Medical students in the Longlook program at Griffith University have identified issues that may lead to better guidelines for country doctors and their patients.

The student researchers are based at five Queensland rural hospitals.

Arianne Kollosche, currently in her third year of medicine at Griffith has been involved with an unprecedented study of paediatric presentations at the Emergency Department (ED) at Dalby Hospital.

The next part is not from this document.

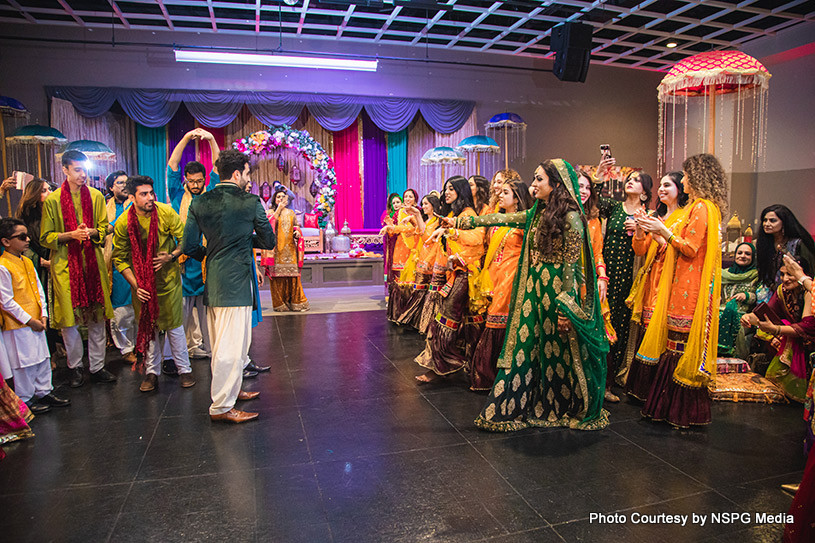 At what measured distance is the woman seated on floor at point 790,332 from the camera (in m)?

“The preliminary data suggest that a significant number of babies and children are being brought to the ED when they would be better served by their family GP,” she says.

“In a hospital setting, paediatric consultation generally takes longer than an adult consultation but it’s not all about wasting hospital resources. “Taking children to hospital for non- urgent issues also interferes with the continuity of care they get if they’re seen by their own doctor.”

Arianne says the Dalby study also looked at agricultural injuries and found that fractures, lacerations and motorbike accidents are top of the list of cases seen in the ED, rating just below upper respiratory tract infections.

“We really need to compare these percentages to those at metropolitan hospitals and explore the feasibility of improved health and safety awareness campaigns to help prevent these injuries in farming communities.”

Arianne believes the initial results have shown that the research merits further investigation and offers the opportunity to develop GP guidelines and education strategies to help country towns better manage health services.